Future firefighters honor the heroes of 9/11

September 11, 2001 made an impact on so many people and that includes the next generation of first responders. Even though some of them hadn't been born when it happened some high school students took time to honor the heroes that ran towards the Twin Towers.

Posted: Sep. 12, 2018 9:13 AM

(ST. JOSEPH, Mo.)— Angie Jones was a Maryville, Mo. firefighter on September 11, 2001.

"It was just pretty surreal to just sit there and watch it and know there was nothing you could do for anybody," Jones said. You want to help, but you can't."

She's now the Fire Science Instructor at Hillyard Technical Center in St. Joseph. Every year on the anniversary, she has her students honor the 343 firefighters who lost their lives on that fateful day by climbing up stairs as many times as they can.

"I think it's very important for them to understand what these firefighters went through that day just getting to the tower and looking up and seeing that and the factor of what are we going to do, how are we going to get up there," Jones said. "We know there are risks to this job. We accept that risk."

For her first-year students, it is quite the challenge.

"It taught me discipline because there's no way in the world that..55 feels terrible. 110. It's like a change. This is who we do it for," Student Cayden Carter said. 

Some of students weren't even born yet when 9/11 happened, but still had a special reason to do this.

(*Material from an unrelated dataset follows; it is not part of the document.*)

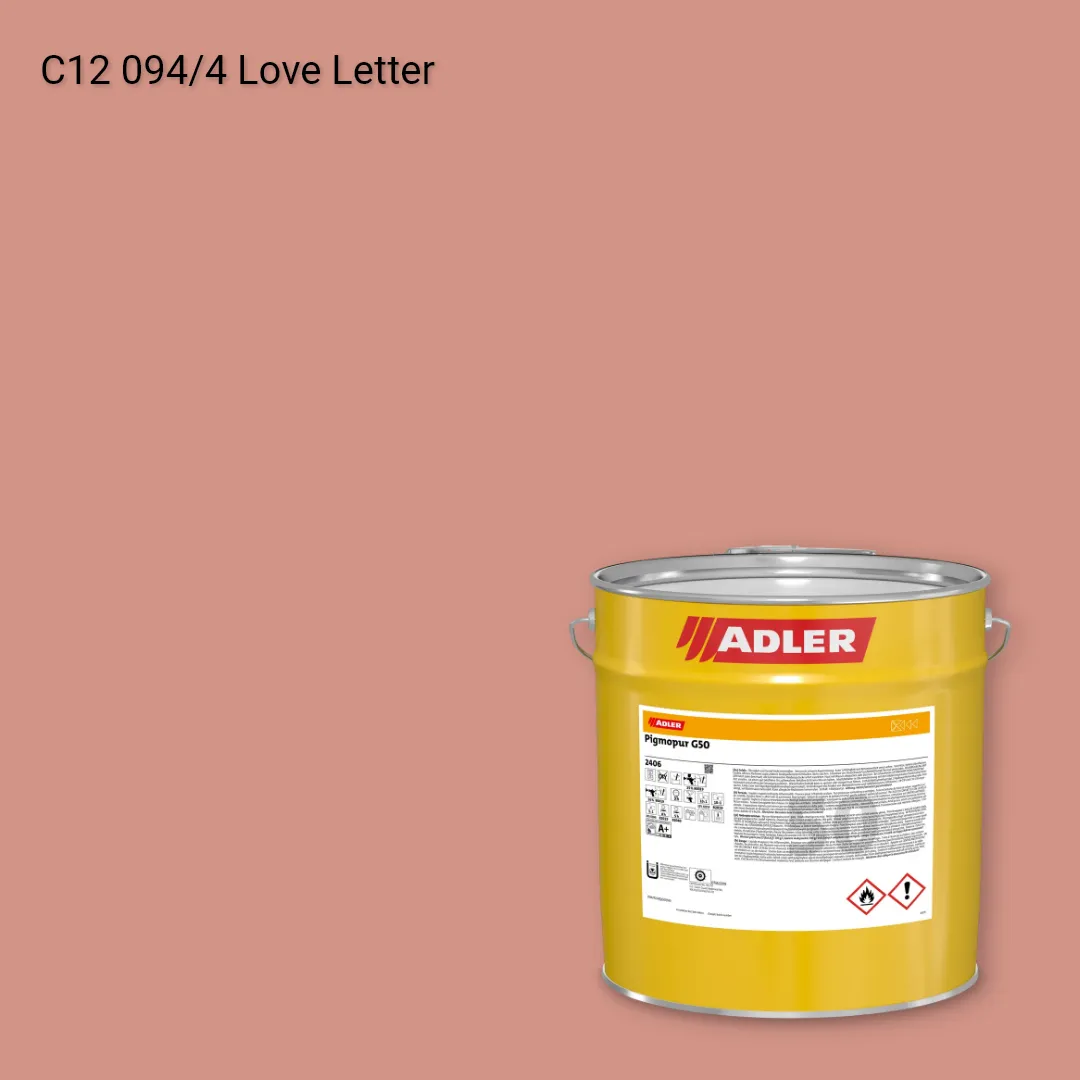 Лак меблевий Pigmopur G50 колір C12 094/4, Adler Color 1200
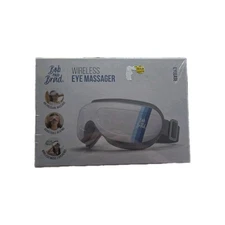 Bob and Brad EyeEase Wireless Heated Eye Massager A3 New Sealed In Box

"I just want to be like my father," Student Khiler Bless said. "Every time I see my dad go to calls, I feel like it's the most awesome way to be a firefighter, save people's lives and protect property."

The students weren't alone climbing steps Tuesday— they had each other. 

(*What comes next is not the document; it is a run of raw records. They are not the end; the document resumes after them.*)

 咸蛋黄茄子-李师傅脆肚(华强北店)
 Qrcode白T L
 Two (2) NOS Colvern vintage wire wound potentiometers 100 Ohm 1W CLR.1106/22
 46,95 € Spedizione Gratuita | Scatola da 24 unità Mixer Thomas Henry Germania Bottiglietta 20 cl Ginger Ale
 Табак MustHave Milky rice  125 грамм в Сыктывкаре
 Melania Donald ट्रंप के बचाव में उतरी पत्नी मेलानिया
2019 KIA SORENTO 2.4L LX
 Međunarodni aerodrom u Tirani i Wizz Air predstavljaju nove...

"These firefighters are like my family," Bless said. "They are being brave and never giving up. We're doing it as a team. We got to keep on going. We're not going to stop."

They may be a group of teenagers now, but one day these young men are going to be future heroes with a new found respect for their occupation.

"It's more about respect for all those firemen that didn't make it through that day," Student Cole McMillian said. "Just to remember those men and what they went through— we'll never know that pain they went through."

"It's pretty amazing because as much as the point they almost seem like they don't like me, they come back later and say how much that meant to them," Jones added. 

In the 10 years she's taught at Hillyard, many of Jones' students have continued the 9/11 stair climbing tradition by participating at other remembrance first responder ceremonies.